Le décret vient comme une sonnette d’alarme pour les coopératives et commerçants privés. Si l’agriculture ne ramène pas du Fbu dans les poches des agriculteurs, et s’il y a insécurité alimentaire et spéculation des prix sur le marché, la faute revient aux commerçants. Ce décret vient inverser la tendance afin que la production agricole, animale et halieutique remplisse sa fonction de promotion de la sécurité alimentaire et d’amélioration des revenus des producteurs et de l’Etat. Dorénavant, les coopératives et les privés potentiels devront traiter avec l’ANAGESSA. C’est elle qui déterminera le prix et les types de produits destinés à la commercialisation, tout en garantissant le marché d’écoulement. Et d’ailleurs, la roue est déjà en marche avec le maïs.

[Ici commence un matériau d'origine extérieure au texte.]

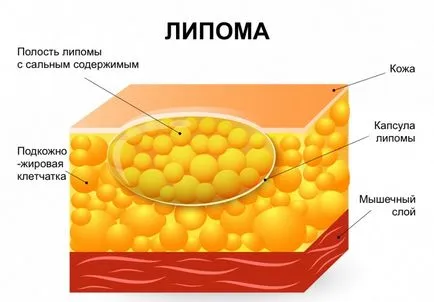 Wen (lipóma) a testen okainak, a tünetek, a kezelés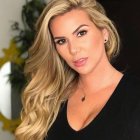 Carolina Jaume tiene psoriasis.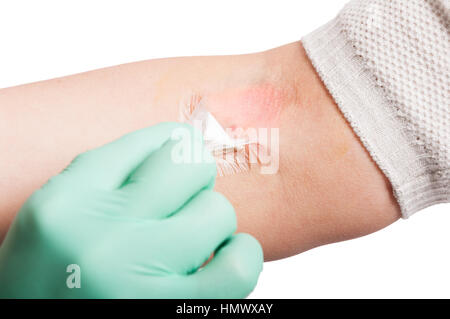 Closeup Mark der Versenkung auf weibliche Hand und Krankenschwester Bluterguss als Blut Spende Konzept Putz aufsetzen Stockfoto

Cependant, pour les commerçants et les jeunes entrepreneurs qui se sont lancés dans l’agropastorale, c’est le désarroi. « Alors que les agriculteurs et coopératives agricoles jouissaient du choix de vendre au plus offrant, nul doute que ce monopole, et le fait de fixer un même prix pour un produit X, va être favorable aux coopératives comme Sangwe et Vaso qui sont subventionnés et qui ont bénéficié gratuitement de milliers d’hectares à exploiter, au grand dam de nous autres coopératives et simples cultivateurs travaillant avec nos propres moyens », confie Jean, un agriculteur de Gitega.
La poutre
Quant à Adolphe Ndizeye, un Ingénieur agronome, « si aux yeux de l’Etat la paille est dans les yeux des commerçants, l’ANAGESSA devra aussi surmonter plusieurs défis pour être de l’or en barre ». Selon lui, avec la collecte des récoltes nationales, des magasins d’entreposage avec de bonnes conditions de conservation s’imposent. L’ANAGESSA a jusqu’ici combien d’entrepôts de stockages ? Comment éviter la pourriture de la production sans chambres froides et sac hermétiques ? Comment faire fonctionner ces frigos avec le déficit énergétique que vit le pays ?
Avec la commercialisation, nos maïs hybrides vont-ils faire concurrence sur le marché international qui encourage aujourd’hui la commercialisation des produits bio ? Par ailleurs, vont-ils vendre des produits non certifiés vu les disfonctionnements des agences de certification burundaises ? En plus, compte tenu de la mauvaise gestion des agences étatiques dans le passé, l’ANAGESSA faire-t-elle exception ? Ces contrats de production entre l’agence et les privés, où la recherche du marché extérieur, ne seront-ils pas des brèches à la gangrène de corruption et fraude ? Que gagnerait le pays dans ce cas-là ?
La philosophie derrière l’ANAGESSA, qui fait que les opérations bien conçues après récolte, et des systèmes de commercialisation performants améliorent les revenus des producteurs et de l’Etat, est une bonne chose. Pour y arriver, la réalité est que l’ANAGESSA a encore du pain sur la planche.